====== RECORDED INFORMATION

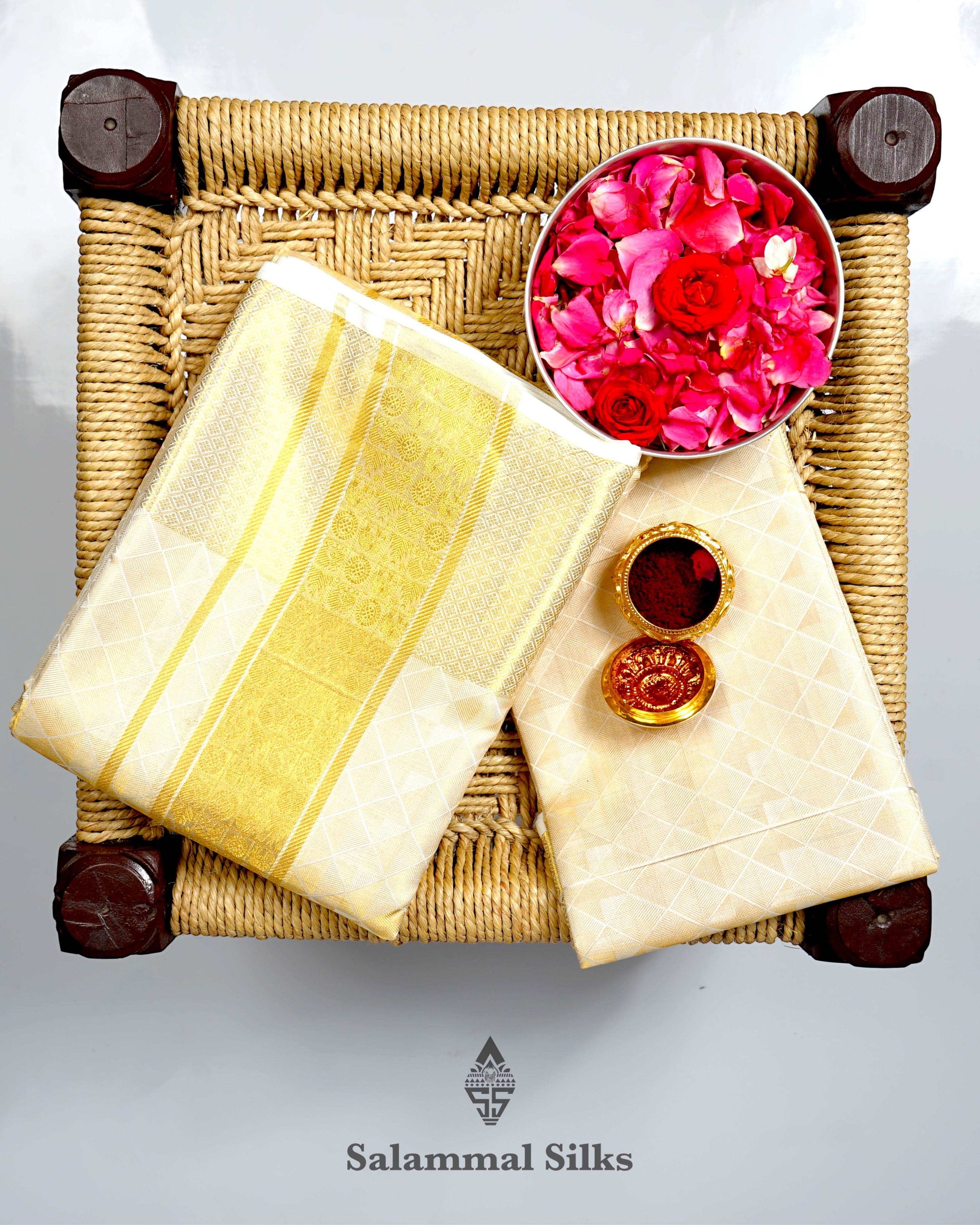 Gold Pure Silk Dhoti, Angavastram & Shirt (2.50M) with Gold Zari Border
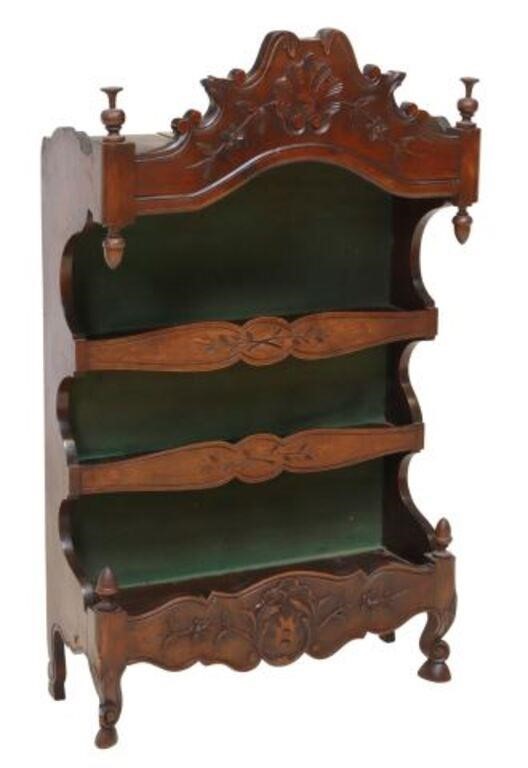 Appraisal: French Provincial walnut estanier plate rack late th early th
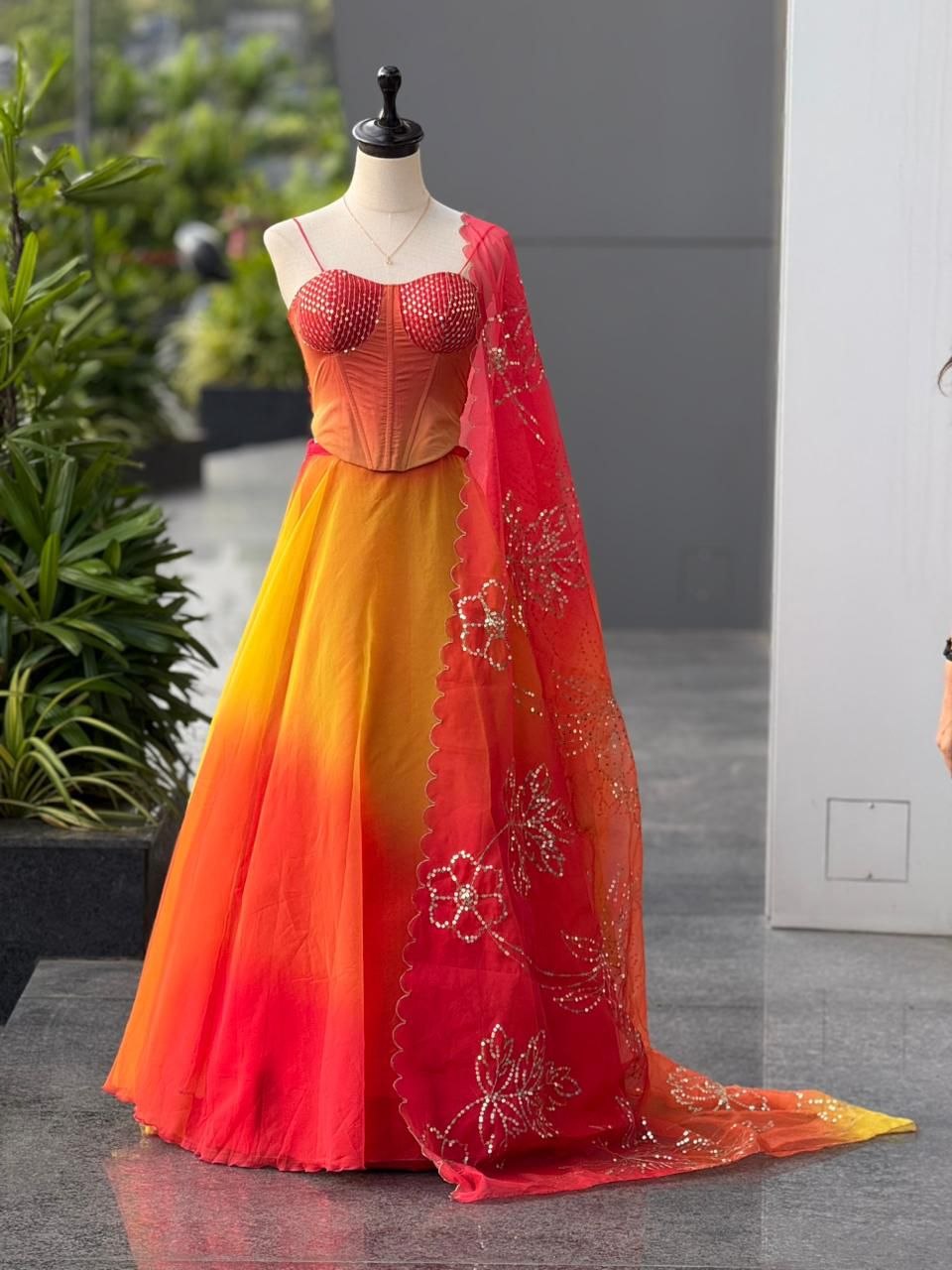 Orange Ombre Organza Corset  Wedding Party Wear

============

_ABOUT THIS TASK_. The copy runs from the line containing "Appraisal: French Provincial" through the last line of the material, both ends included. Reproduce those lines exactly and drop the pictures.

_REPLY TO THE TASK_.
 Appraisal: French Provincial walnut estanier plate rack late th early th
 Orange Ombre Organza Corset  Wedding Party Wear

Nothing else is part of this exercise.